*** Block opens ***

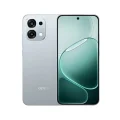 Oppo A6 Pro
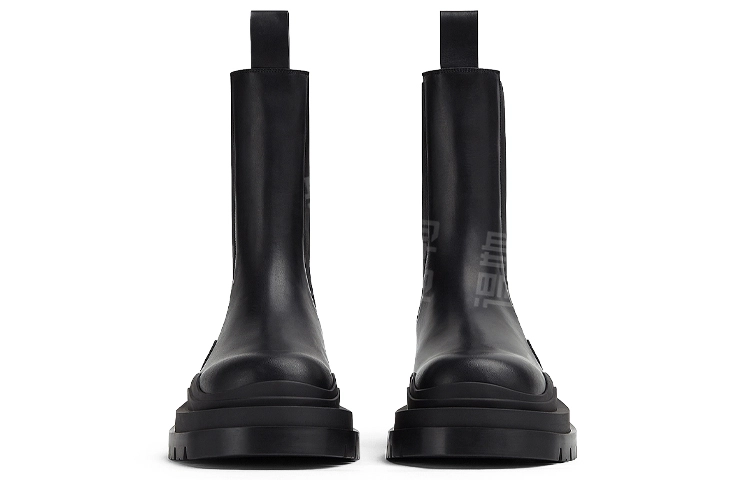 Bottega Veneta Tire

*** Block closes ***
*** Block opens ***

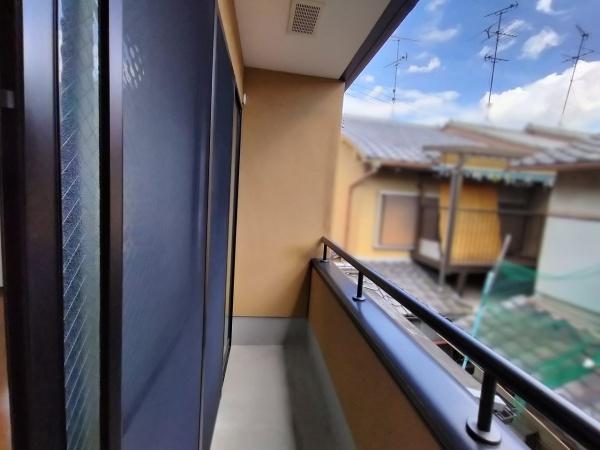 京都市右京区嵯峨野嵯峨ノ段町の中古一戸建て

*** Block closes ***
*** Block opens ***

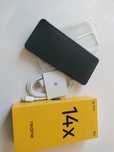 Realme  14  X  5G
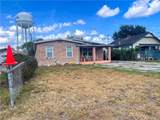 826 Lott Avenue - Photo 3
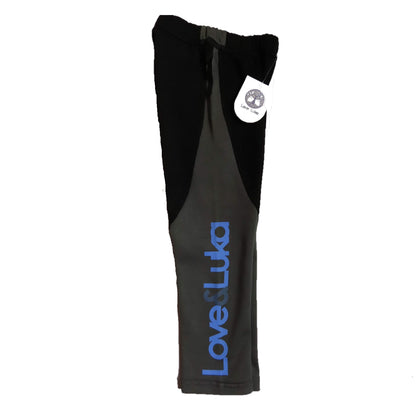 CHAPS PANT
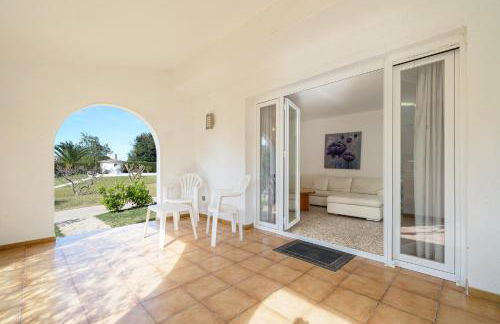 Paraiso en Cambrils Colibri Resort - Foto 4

*** Block closes ***

--- Task requirements ---
Pictures aside, print exactly the lines above starting with the one containing "826 Lott Avenue - Photo 3" and going on through the one containing "Paraiso en Cambrils Colibri Resort - Foto 4".

--- Completed task ---
 826 Lott Avenue - Photo 3
 CHAPS PANT
 Paraiso en Cambrils Colibri Resort - Foto 4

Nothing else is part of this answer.